Move over, Gran Turismo
Racing games, with a few exceptions, (Burnout, Mario Kart) have a somewhat niche audience focused on the graphical specs of the game and the amount of cars. Turn 10 tries to broaden the audience of racing simulators with a variety of new features and modes. Does it work? Read to see.
You see, unlike other racing sims, Forza’s vehicles get damage performance-wise AND visually, which makes your damages clearly known, and not just being told you are. You’ve seen "rewind modes" done in games like Full Auto and DiRT, but the ability to take the race back even only a few seconds enhances the overall racing experience greatly. Wrecks, spin-outs and all those other little mess-ups that make you lose countless races are things of the past with just a push of the back button.
A new single-player season mode puts you through a personalized racing tour that includes over 200 different events, including circuited, ovaled, dragged, drifted, and timed events - no two calendars will ever be the same. The graphics, as expected by the Forza series, are well above the average. Tracks shimmer in the sunlight and the damage looks even more beautiful than before. There are plenty of new additions to the game, such as one button assisted driving, vehicle rollover with detailed undercarriges, in-car driving viewreal-simulation drifting, and for the first time in the series, SUVs.
Yes, the gas/break control within the 360’s analog sticks are, once again, Forza 3’s biggest finesse. But, thanks to one menu, that playability can be turned off at ones whim, for those Grand Theft Auto or Burnout racers that are tempted to buy this without the harsh, harsh learning curbs of other racing sims. And while the hardcore sim-fans lamented against the game’s much bragged “Auto Brake” as a baby mode that plays the game itself, it’s actually a lot of fun and a step toward making the genre less over-bearing for the casual player. Turn 10 truly represents what makes a phenomenal game done right, and well.
But, everything's not picture perfect under Forza 3's hood. The biggest flaw of the game is the load times. Almost every time you load up a race it takes about a minute for it to load. A very tedious and annoying concept. Not a deal-breaker, but it had to be said, no doubt.
Did I forget to mention that Forza 3 is big? Well, it is. The game comes with a second disc filled with 100 more cars and 29 new tracks, which is nice, but it requires a 2GB install, which means that if you don't have a hard-drive, you're screwed over, and those of us with a meager 20 gigabyte hard drive are a bit pressed for space.
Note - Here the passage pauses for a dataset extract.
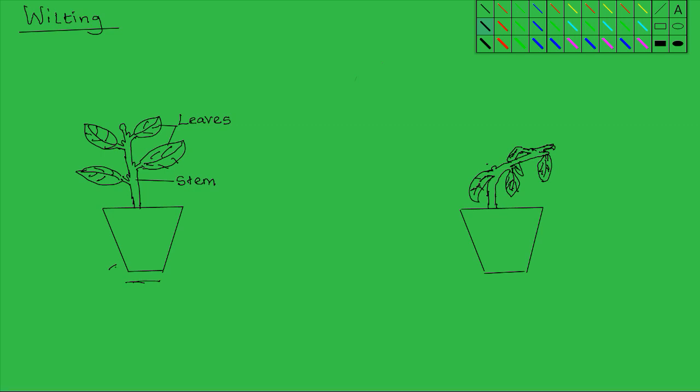Now, when plant cells are turgid, they provide support to the tissues. Like in this first instance, the leaves are well spread out, the stem is upright because of the turgidity of the plant cells. But when the plant loses more water than it can replace,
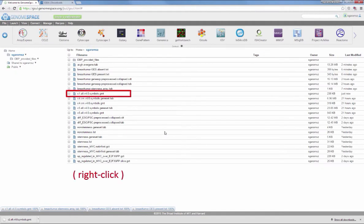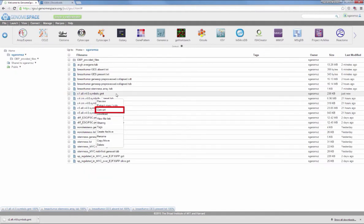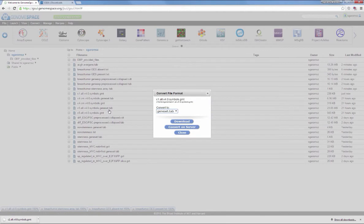Right-click the newly uploaded C1 file and choose Convert. Ensure that you are converting to geneset.tab and click Convert on Server.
You'll spend hours upon hours in Forza 3's create-a-car menu. Yes, you'll fine tune specific parts or the cosmetic style your whip to a ridiculous degree of originallity, you can lose days in the menus. You can make almost any design you can imagine on these cars.
All in all, Forza Motorsport 3 has finally bridged the differences between motorhead and casual gamer, in a way that the racing simulator genre seems to not even try or attempt anymore. It's no doubt the easiest racing simulator to get yourself involved in, and has all sorts of awesome features that aren't particularly original, but done very well. But the loading times will leave you groaning, and sometimes the rewind feature can land you in an imprecise position.